Outre ce privilège d'un défenseur d'office, il était accordé à la femme de longs délais pour se défendre. Les affaires intéressant les veuves devaient, l'instruction finie, être jugées dans les trois mois, faute de quoi, elles étaient dévolues à un juge supérieur moins sujet aux influences, et qui résidait à Aix.

La femme était soumise, comme tous les citoyens, à l'exécution des obligations contractées, mais il était défendu de saisir le mobilier, les hardes et les vêtements qui garnissaient la chambre d'une femme malade. Quand la contrainte par corps était exercée contre une femme, cette peine se changeait en arrêts dans un lieu convenable et décent. Quelquefois, et dans certains pays, l'emprisonnement des femmes était interdit.

Quelquefois la femme était exempte du serment, que les parties prêtaient sur les saints Evangiles, d'observer les conditions des actes passes.

Dans un autre ordre d'idées, je citerai un acte d'intolérance bien blâmable et bien remarquable :

Au mois d'avril 1204, Pierre, roi d'Aragon et Comte de Barcelone, s'intitulant Comte et Marquis de Provence, fit donation de divers terrains à l'église Notre-Dame de Chardavons, et accorda le droit, aux recteurs de cette église, d'empêcher qu'aucune femme s'introduisit dans les terrains concédés.

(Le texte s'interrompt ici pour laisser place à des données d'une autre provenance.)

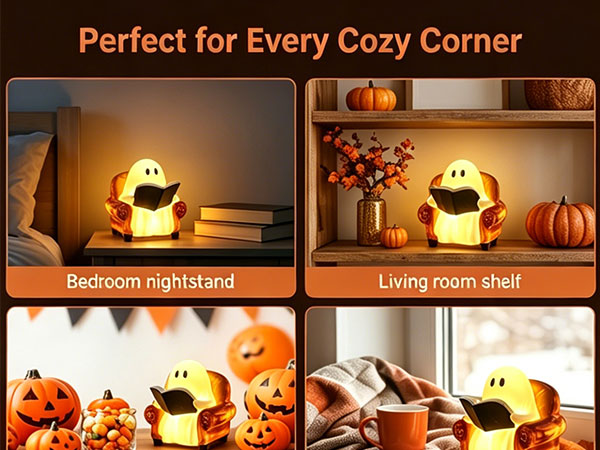halloween decorations indoor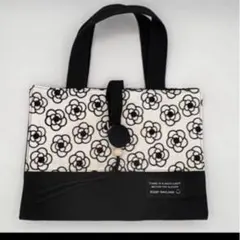 Item thumbnail for item 9cf307ad-1da1-40d1-a37a-27a982a6197a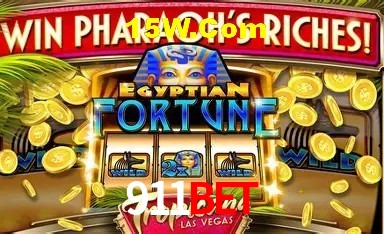 Estatísticas Crash Games 911bet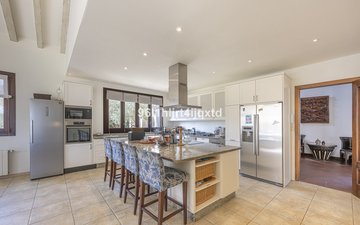 Property slide 6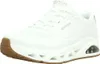 SKECHERS UNO GLIDE STEP GLIDE ON AIR Biela Náhľad obrázku produktu 1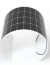 Panel Solar Flexible RENOGY 200W - comprar online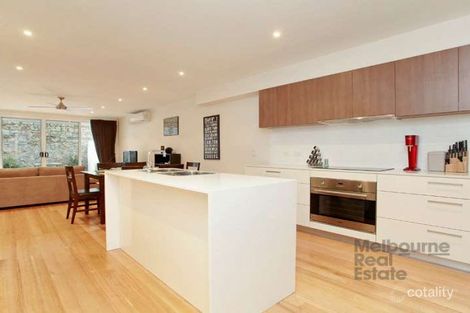 9/1-7 Colebrook St, Brunswick, VIC 3056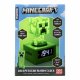 Paladone Creeper Icon #4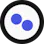 Binokl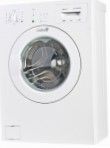 श्रेष्ठ Ardo FLSN 104 EW वॉशिंग मशीन समीक्षा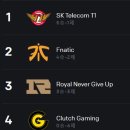 (주)펀플 이미지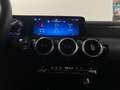 Mercedes-Benz A 180 180 Automatic Business Extra Nero - thumbnail 14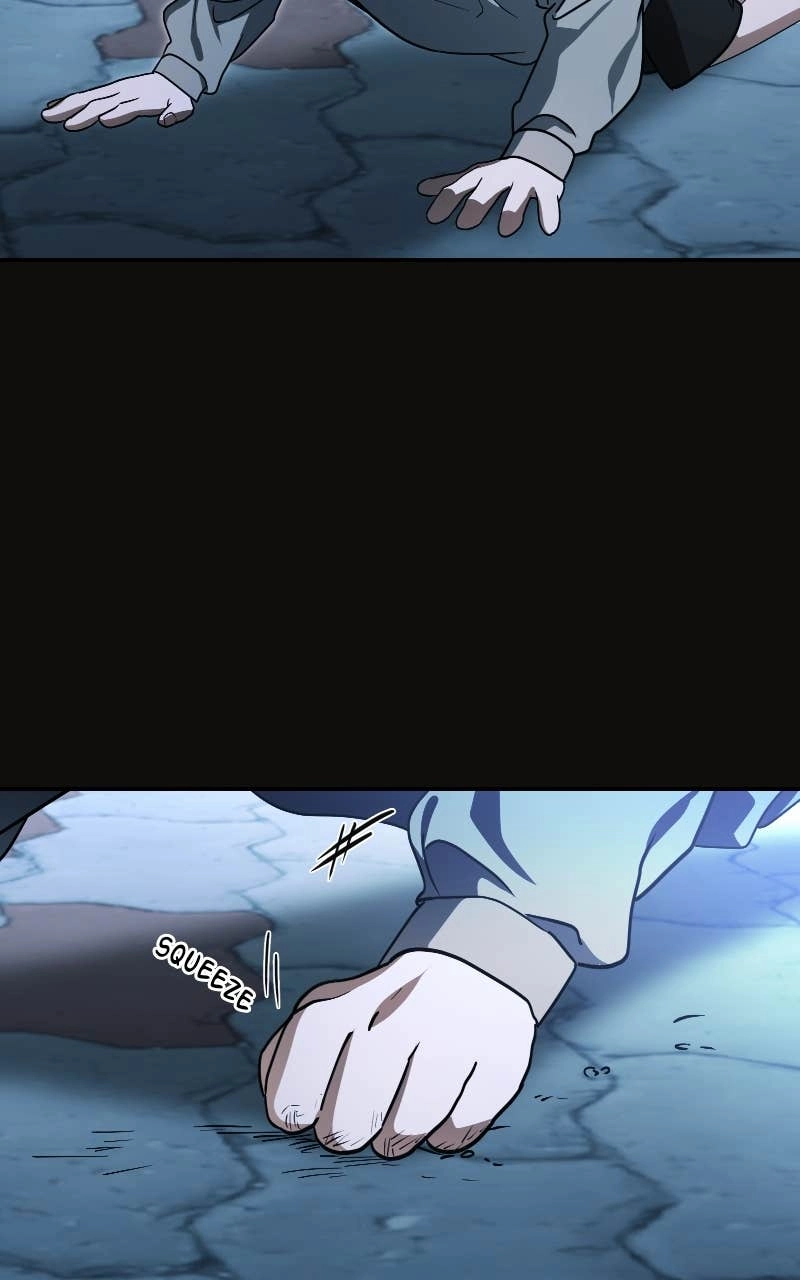 My Comeback as the Youngest Member Chapter 81 Page 105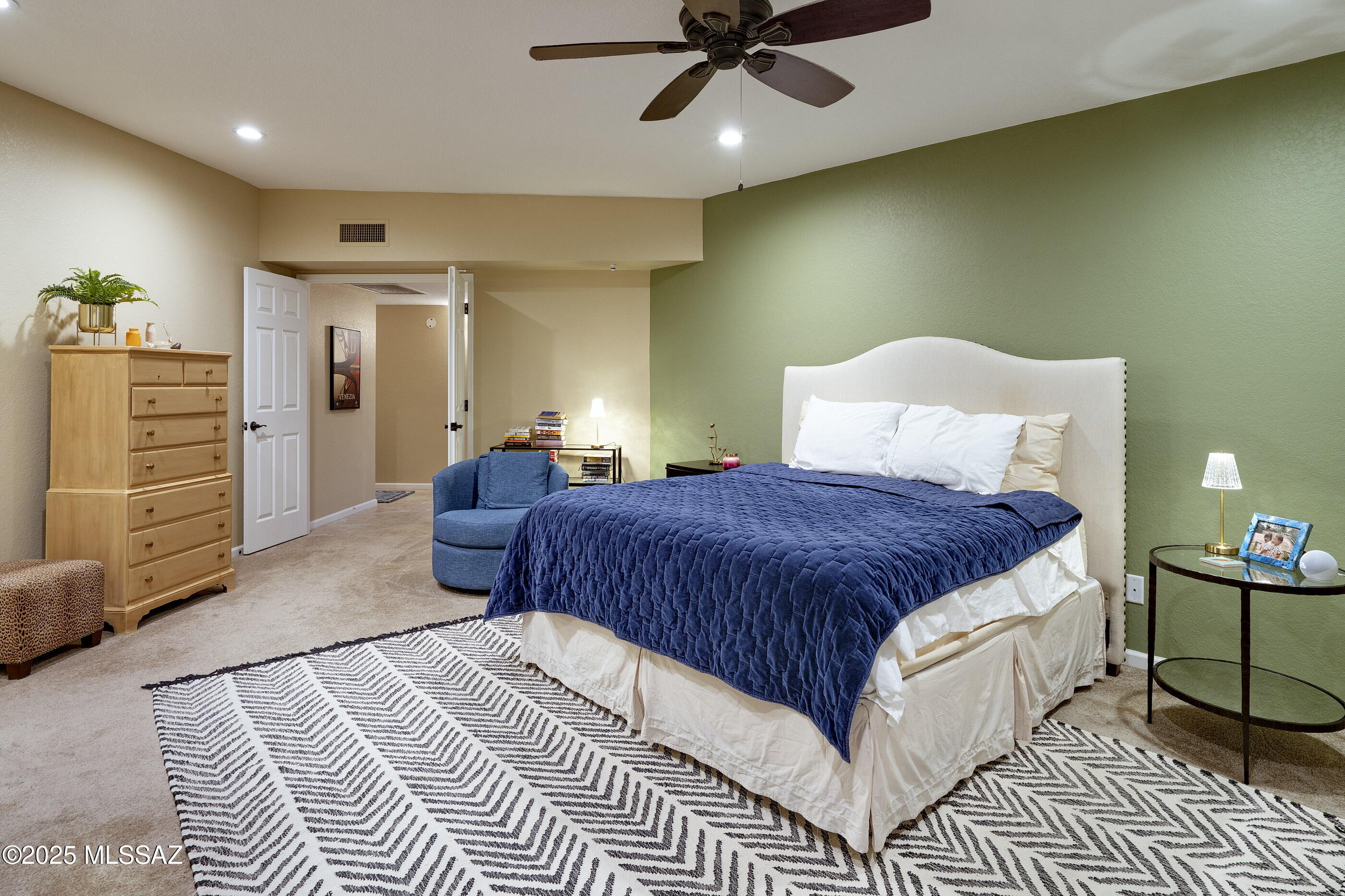 Fairfield Sunrise East (1-520) - Residential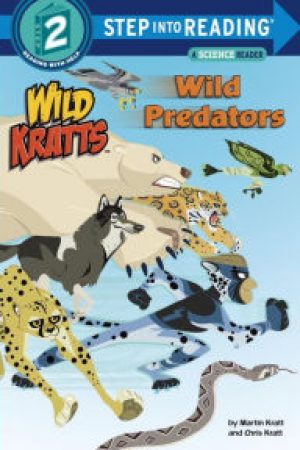 wildpredators-jpg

Ce brave roi d'Aragon aurait-il cru (bien à tort) que les femmes sont un brandon de discorde ? Les religieux étaient-ils particulièrement austères ou se méfiaient-ils d'eux-mêmes ? J'aurais compris cette méfiance, Mesdames, si vous aviez habité, en l'an de grâce 1204, le village de Chardavons.

Malgré les chants des troubadours qui exaltaient et glorifiaient la femme, à si juste raison, un droit bien triste avait été consacré par la jurisprudence. Le mari, tyran domestique, pouvait frapper sa femme, modérément . La modération et la colère ne marchant pas de compagnie, les juges décidaient si les coups reçus n'excédaient pas les limites de la correction permise : « attendu, disaient les arrêts, qu'en droit, le maître peut infliger un châtiment modère à son disciple et le mari à sa femme. »

Un mari fut puni d'une amende de dix sols parce qu'il battait sa femme, outre raison . Je le crois bien, il l'étranglait. Dix sols, c'était réellement pour rien.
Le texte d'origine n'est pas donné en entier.